● **WHAT NEEDS TO BE DONE**
Transcribe word for word the section of the records below that opens with the line containing "Inel din aur alb cu diamant" and closes with the line containing "Mara | Damen"; drop every picture.

● **DATA EXTRACT**
^^^^^^^^^^^^^^^^

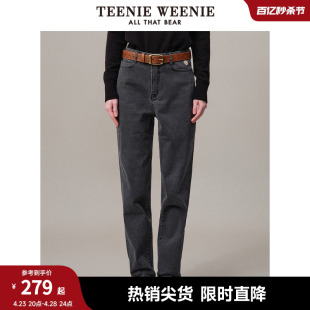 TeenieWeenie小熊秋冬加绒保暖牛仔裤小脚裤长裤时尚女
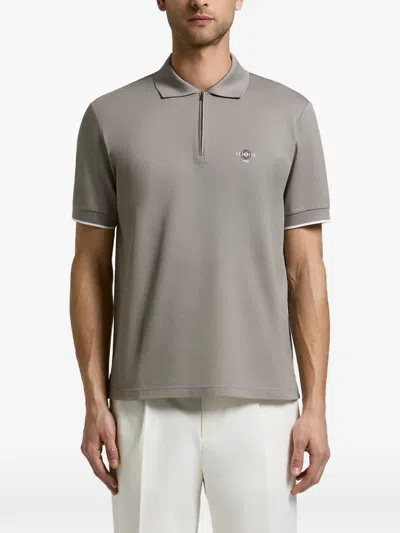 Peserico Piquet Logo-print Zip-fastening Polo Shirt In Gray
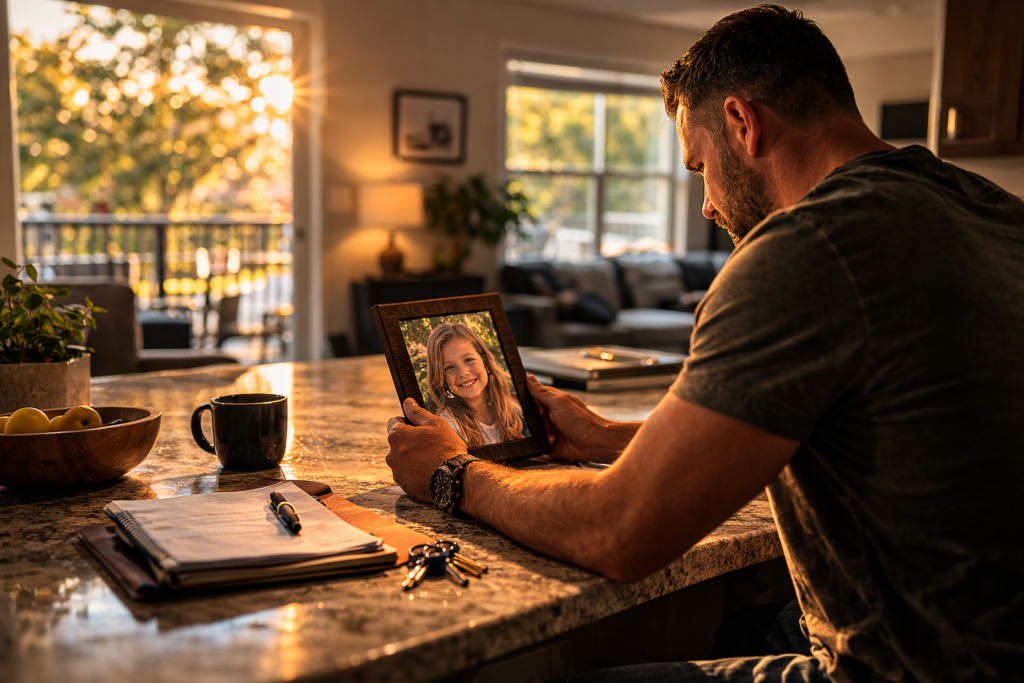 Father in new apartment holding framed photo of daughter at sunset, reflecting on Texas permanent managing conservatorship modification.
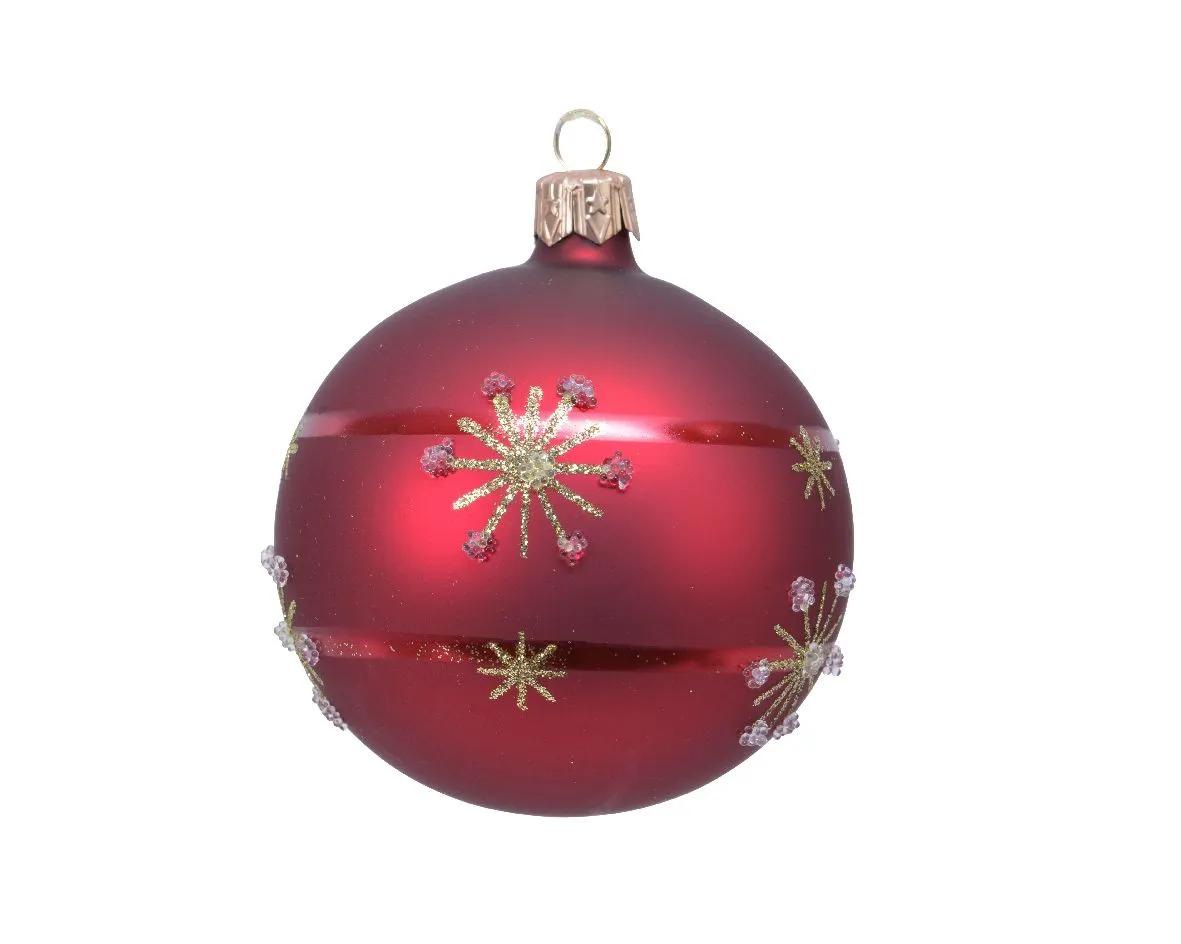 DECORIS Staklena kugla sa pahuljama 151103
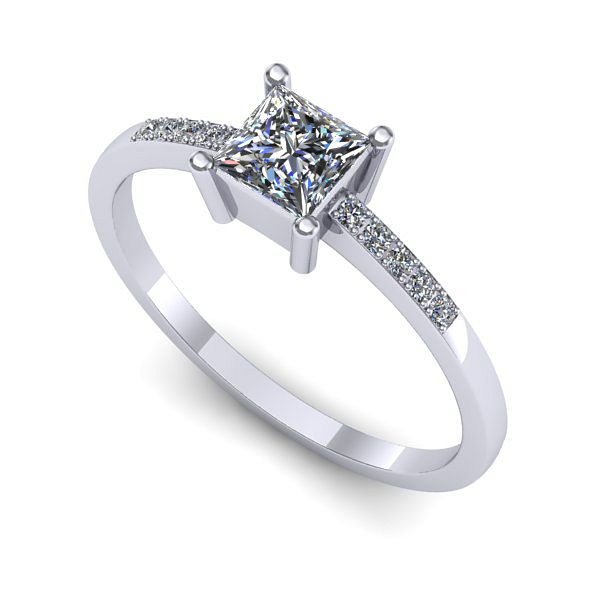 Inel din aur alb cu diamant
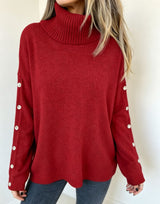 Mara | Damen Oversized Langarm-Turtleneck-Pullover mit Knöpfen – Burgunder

^^^^^^^^^^^^^^^^

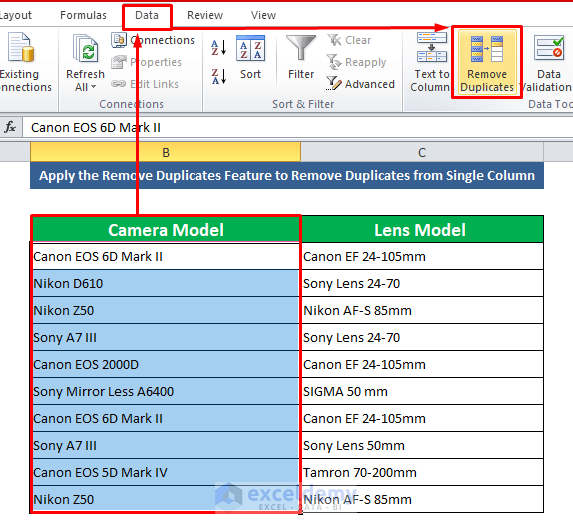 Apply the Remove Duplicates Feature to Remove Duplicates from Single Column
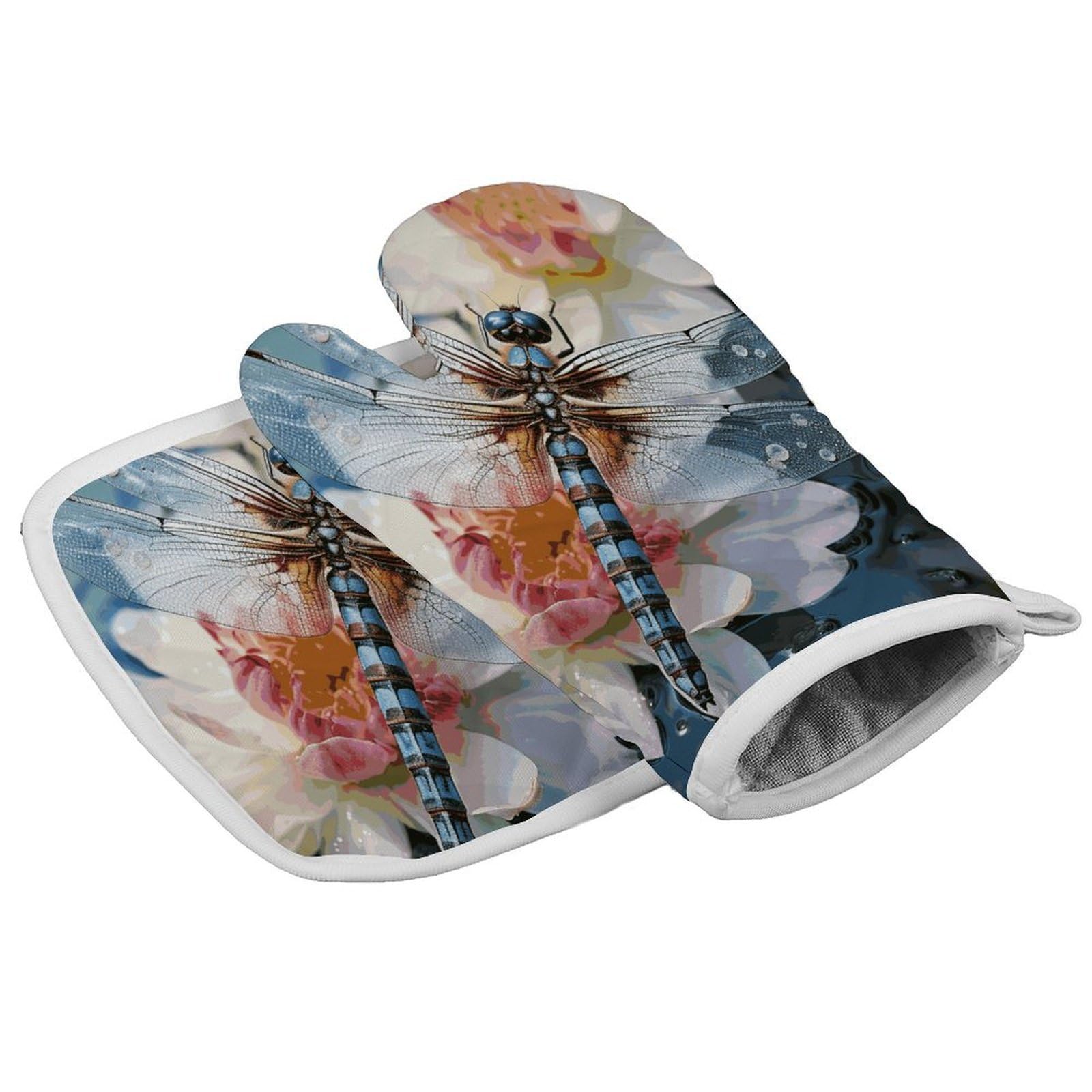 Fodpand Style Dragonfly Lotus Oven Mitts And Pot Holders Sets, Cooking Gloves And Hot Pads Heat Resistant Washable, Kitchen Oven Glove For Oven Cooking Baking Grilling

^^^^^^^^^^^^^^^^

● **RESPONSE FOR THIS EXERCISE**
 Inel din aur alb cu diamant
 Mara | Damen Oversized Langarm-Turtleneck-Pullover mit Knöpfen – Burgunder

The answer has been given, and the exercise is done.